A cruz do cristão não pode ser outra que a Cruz do mesmo
Jesus. Ele nunca amou a cruz como cruz. Mas tampouco fugiu dela por manter-se
fiel ao Reino e ao Evangelho que anunciou. Ele nunca amou a dor pela dor, ao
contrário, sempre buscou aliviar a dor dos outros. Mas tampouco fugiu, negando
sua própria verdade, sua própria missão e sua própria identidade.
A cruz para todo(a) seguidor(a) nunca pode ser uma meta; ela
é sempre uma consequência.

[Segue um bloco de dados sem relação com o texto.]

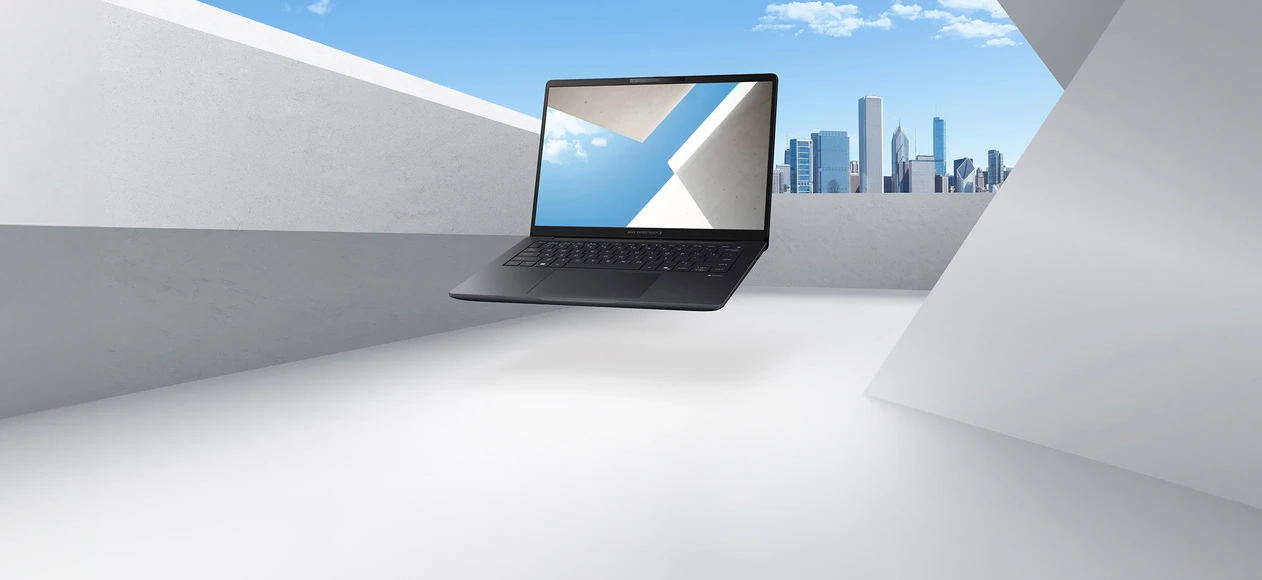 ASUS ExpertBook B3 G1 business laptop shown floating in a modern geometric setting, featuring a slim, durable design with flexible configuration options for business productivity.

A cruz para o cristão não é algo que se busca, mas
uma realidade que chega a partir de fora, como consequência da verdade e da
autenticidade evangélica.
Texto bíblico: Mc. 8,27-35
Na oração: nosso coração se encontra diante da revelação do
“eu original”, porque está enraizado na identidade do próprio Jesus (“quem sou
eu para vocês?”).
A contemplação de Jesus é também revelação do eu “escondido
com Cristo em Deus” (Col. 3), ou seja, revelação da verdade do meu eu profundo,
onde descubro os traços de minha própria fisionomia.
Não posso responder a essa pergunta – “Quem é Jesus para
mim” – se não me pergunto ao mesmo tempo: “Quem sou eu, diante do Senhor”? Sem
identificação não haverá um encontro profundo com o Senhor. O encontro comigo
mesmo me aproxima do encontro com o Senhor e o encontro com o Senhor revela
minha própria identidade.
- Sua vida cotidiana: descentrada? Oblativa? Aberta ao diferente?...
Ou: autocentrada, “buscando o próprio amor, querer e interesse”?